KYIV, Ukraine — Artillery barrages along a section of the front line near an imperiled nuclear power plant in southern Ukraine struck towns, ammunition dumps and a Russian military base in intense fighting overnight, Ukrainian officials said on Sunday.

Reports of fighting all along the southern front suggested that neither side was pausing hostilities, even amid complex negotiations to allow for a team of scientists from the International Atomic Energy Agency to visit the Zaporizhzhia nuclear plant, which has been repeatedly damaged by recent shelling. The plant is controlled by the Russian military but operated by Ukrainian engineers.

The I.A.E.A. said Sunday that talks were ongoing with the goal of sending a team to the plant “in the next few days,” noting that the latest shelling “once again underlined the risk of a potential nuclear accident.”

The team would assess physical damage to the plant, determine whether the main and backup safety and security systems were functional and evaluate the staff’s working conditions, the I.A.E.A. said in a statement.

Russian forces fired rocket artillery and howitzers overnight at the Ukraine-controlled town of Nikopol, across from the plant on the opposite side of the Dnipro River, which separates the two armies in the area, a local military official, Valentin Reznichenko, said. The strikes damaged several houses and cars and knocked out electricity for 1,500 residents, he said in a post on the Telegram social networking site.

In a separate assault on the town, Russian helicopters fired rockets, according to the Ukrainian military, which reported damage to a house but no casualties.

The Russian Defense Ministry said its Air Force had hit Ukrainian workshops where helicopters were being repaired in the surrounding Zaporizka region, according to the Russian state news agency RIA Novosti. The claim could not be independently verified.

Artillery shells have already hit the Zaporizhzhia nuclear plant, damaging auxiliary equipment and power lines but not the reactors.
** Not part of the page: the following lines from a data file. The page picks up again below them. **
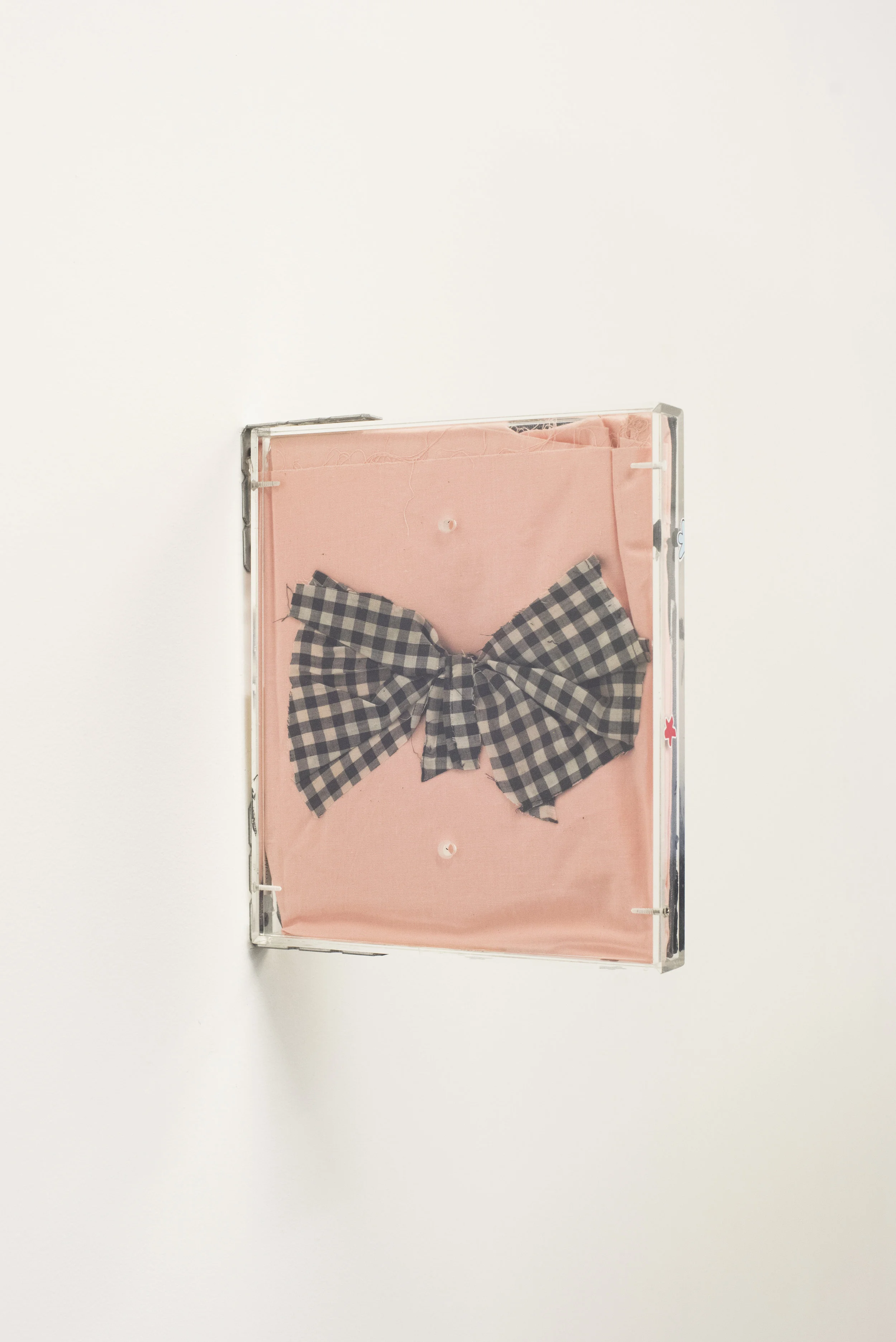 Gussie Vinall Richardson How Deep Is Your Love (beginnings) perspex box, found fabric, digitally printed fabric, acrylic on plastic adhesive, found text/image, custom stickers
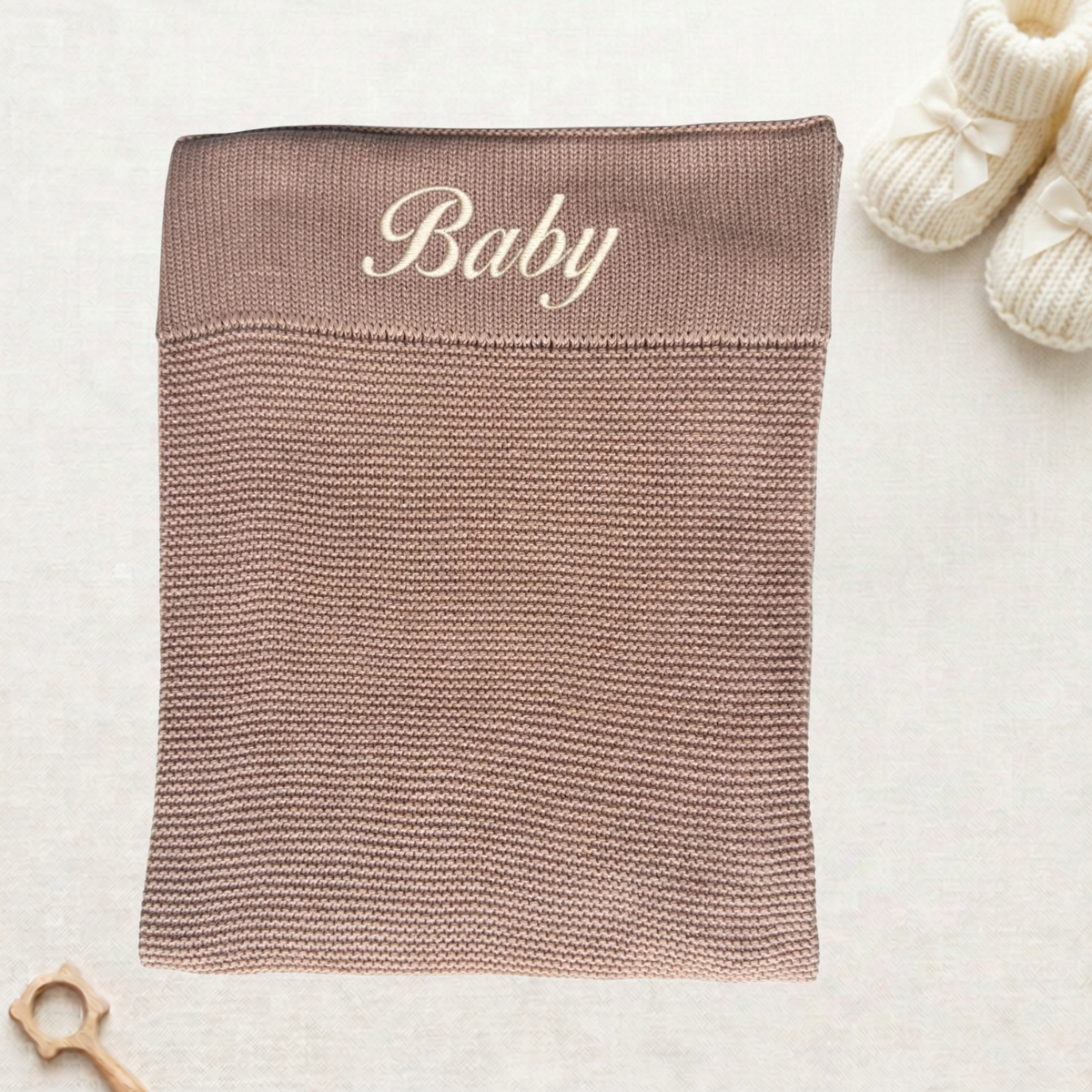 Arely - Organic Cotton Personalised Knitted Blanket - Rose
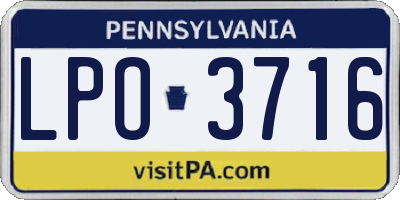 PA license plate LPO3716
The strikes — for which each side blames the other — have stirred fears of a radiation release if combat rages on in this area, an expanse of farm fields along the banks of the Dnipro.
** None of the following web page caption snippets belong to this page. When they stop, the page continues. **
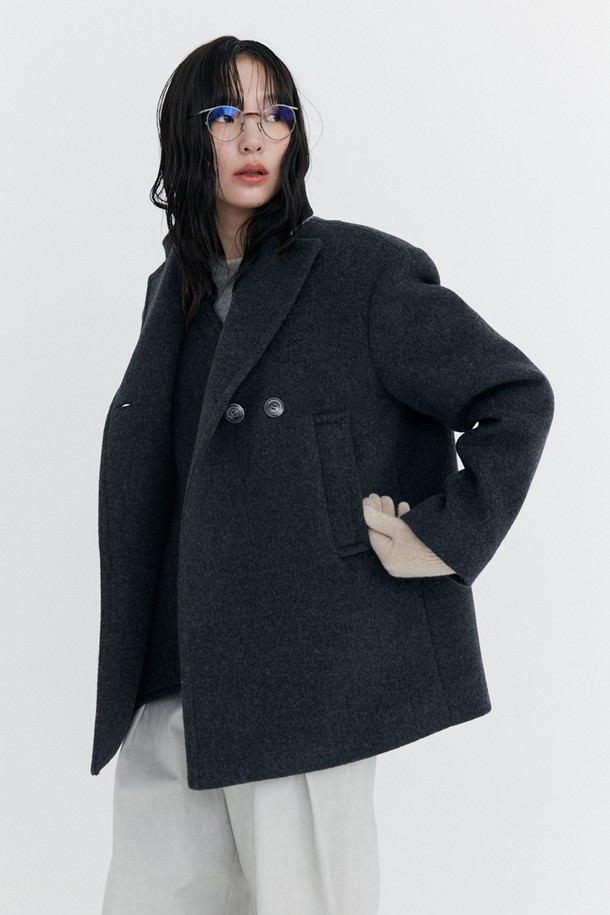 WNDERKAMMER - 코트 - Wool Half Coat_Charcoal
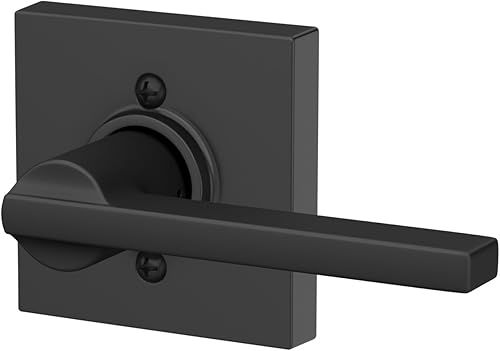 Miniatura 120 de Schlage Latitude F10 LAT 622 CEN Manija de paso con roseta Century, para pasillo y armario, negro mate Mate negro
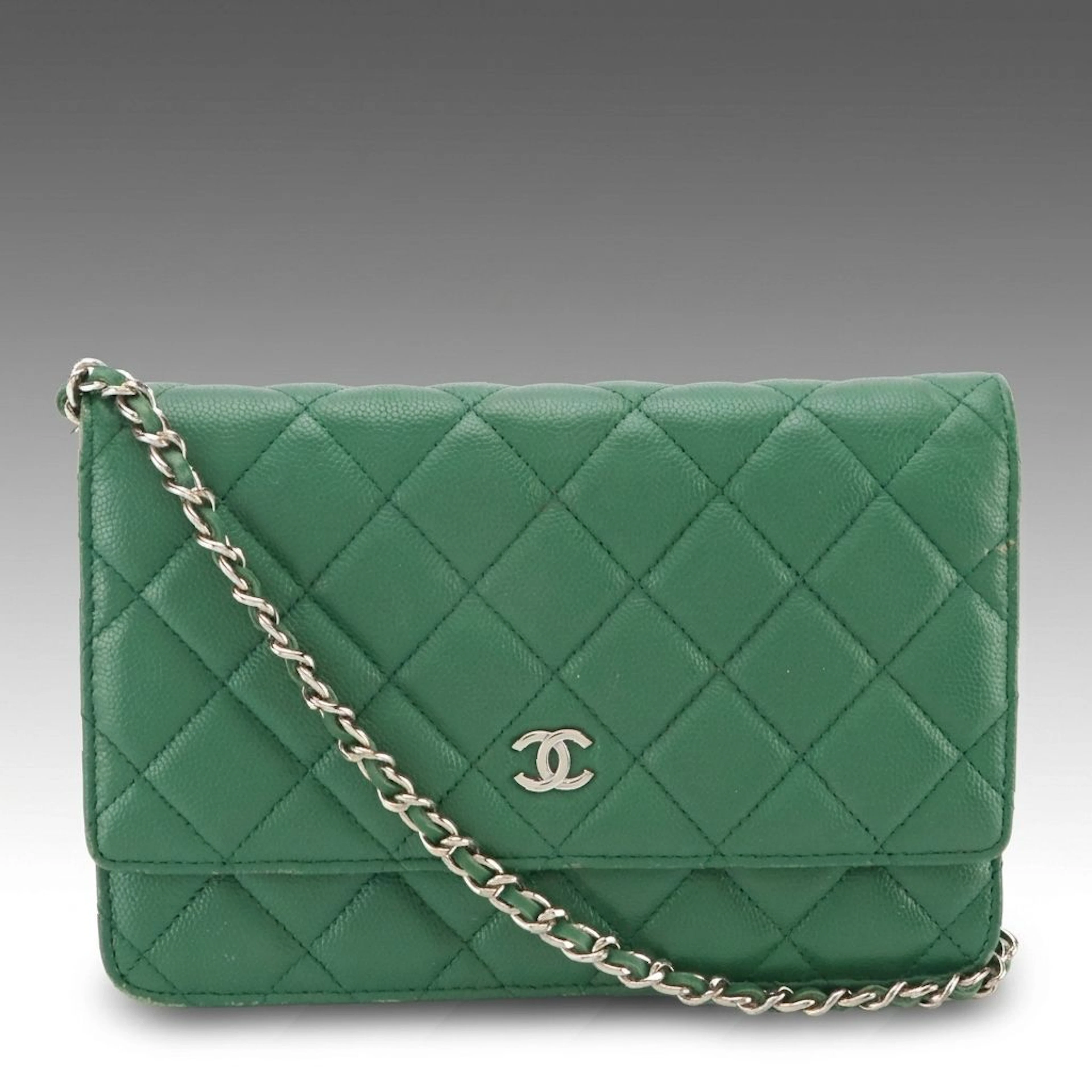 Chanel Classic Wallet on Chain in Green Quilted Caviar Leather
After fighting severed one high-tension electrical line last week, operators in the control rooms implemented emergency procedures to cool the reactor cores with pumps powered by diesel generators. The electrical line has since been repaired.

In a sign of mounting worry over a possible radiation release in a country still haunted by the 1986 Chernobyl disaster, a Ukrainian official announced on Saturday that the government would distribute a drug, potassium iodide, that can protect against some radiation poisoning, to people within 35 miles of the plant.

Plant employees and outside experts say an artillery strike would not penetrate the yard-thick reinforced concrete of the containment vessels over the sites’ six reactors, but could damage the reactors’ complex supporting equipment or spark fires that could burn out of control. Artillery strikes could also breach less robust containers used to store spent nuclear fuel.

Ukrainian forces also reported striking targets behind Russian lines in occupied areas of southern Ukraine. The Ukrainian military claimed to have hit two Russian ammunition dumps in Kherson Province.

On the east bank of the Dnipro, a massive explosion early on Sunday shook windows and caused plaster to rain down from ceilings in the Russia-controlled city of Melitopol, according to the city’s exiled Ukrainian mayor, Ivan Fedorov.

Mr. Fedorov said the explosion had destroyed “one of the largest enemy military bases,” although the claim could not be verified. The base, he said, had been set up on the grounds of a factory complex.